- Task
Print, from the listing below, the lines starting at the line containing "Armormax Bulletproof Denali" and ending at the line containing "Craghoppers Mens Nogales", exactly as they stand, and print nothing else.

- Records supplied
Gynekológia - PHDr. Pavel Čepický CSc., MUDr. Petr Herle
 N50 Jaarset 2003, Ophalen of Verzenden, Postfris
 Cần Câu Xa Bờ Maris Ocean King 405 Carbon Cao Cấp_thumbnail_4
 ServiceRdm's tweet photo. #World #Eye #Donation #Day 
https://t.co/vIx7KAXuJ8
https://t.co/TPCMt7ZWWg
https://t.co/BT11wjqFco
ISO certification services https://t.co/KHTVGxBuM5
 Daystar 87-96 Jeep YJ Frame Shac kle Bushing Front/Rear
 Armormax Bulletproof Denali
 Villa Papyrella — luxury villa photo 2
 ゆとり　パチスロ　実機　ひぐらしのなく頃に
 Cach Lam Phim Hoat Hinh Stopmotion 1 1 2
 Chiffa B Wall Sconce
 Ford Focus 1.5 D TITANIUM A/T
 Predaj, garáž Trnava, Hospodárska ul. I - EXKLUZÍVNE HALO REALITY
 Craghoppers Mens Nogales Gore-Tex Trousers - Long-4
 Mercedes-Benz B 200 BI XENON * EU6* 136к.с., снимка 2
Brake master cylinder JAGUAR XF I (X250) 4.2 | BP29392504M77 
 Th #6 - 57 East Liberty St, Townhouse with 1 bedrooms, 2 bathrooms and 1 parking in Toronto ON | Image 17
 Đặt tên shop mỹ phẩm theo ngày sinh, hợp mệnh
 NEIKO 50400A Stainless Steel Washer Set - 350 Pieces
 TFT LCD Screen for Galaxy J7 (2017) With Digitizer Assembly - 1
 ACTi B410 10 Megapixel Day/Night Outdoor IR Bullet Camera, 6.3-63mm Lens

- Answer to this problem
 Armormax Bulletproof Denali
 Villa Papyrella — luxury villa photo 2
 ゆとり　パチスロ　実機　ひぐらしのなく頃に
 Cach Lam Phim Hoat Hinh Stopmotion 1 1 2
 Chiffa B Wall Sconce
 Ford Focus 1.5 D TITANIUM A/T
 Predaj, garáž Trnava, Hospodárska ul. I - EXKLUZÍVNE HALO REALITY
 Craghoppers Mens Nogales Gore-Tex Trousers - Long-4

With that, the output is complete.